═════ Provided material ═════

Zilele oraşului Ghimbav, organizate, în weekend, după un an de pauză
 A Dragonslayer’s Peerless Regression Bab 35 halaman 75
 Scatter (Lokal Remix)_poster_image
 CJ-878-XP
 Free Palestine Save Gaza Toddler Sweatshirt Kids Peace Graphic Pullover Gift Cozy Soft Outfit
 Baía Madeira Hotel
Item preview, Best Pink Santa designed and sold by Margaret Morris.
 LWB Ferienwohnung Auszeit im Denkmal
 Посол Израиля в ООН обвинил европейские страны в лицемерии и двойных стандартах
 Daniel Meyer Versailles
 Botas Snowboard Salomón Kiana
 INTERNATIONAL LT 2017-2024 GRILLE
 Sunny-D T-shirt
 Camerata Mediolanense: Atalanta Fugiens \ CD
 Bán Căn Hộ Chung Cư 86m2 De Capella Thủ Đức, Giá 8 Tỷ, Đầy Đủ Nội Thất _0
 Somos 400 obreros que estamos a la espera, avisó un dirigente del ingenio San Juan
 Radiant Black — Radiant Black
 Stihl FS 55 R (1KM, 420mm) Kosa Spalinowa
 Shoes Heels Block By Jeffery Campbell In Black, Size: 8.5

═════

▸ Task to complete
State how many lines of the records contain the string "Black". The number is the whole answer.

▸ Response to this task
2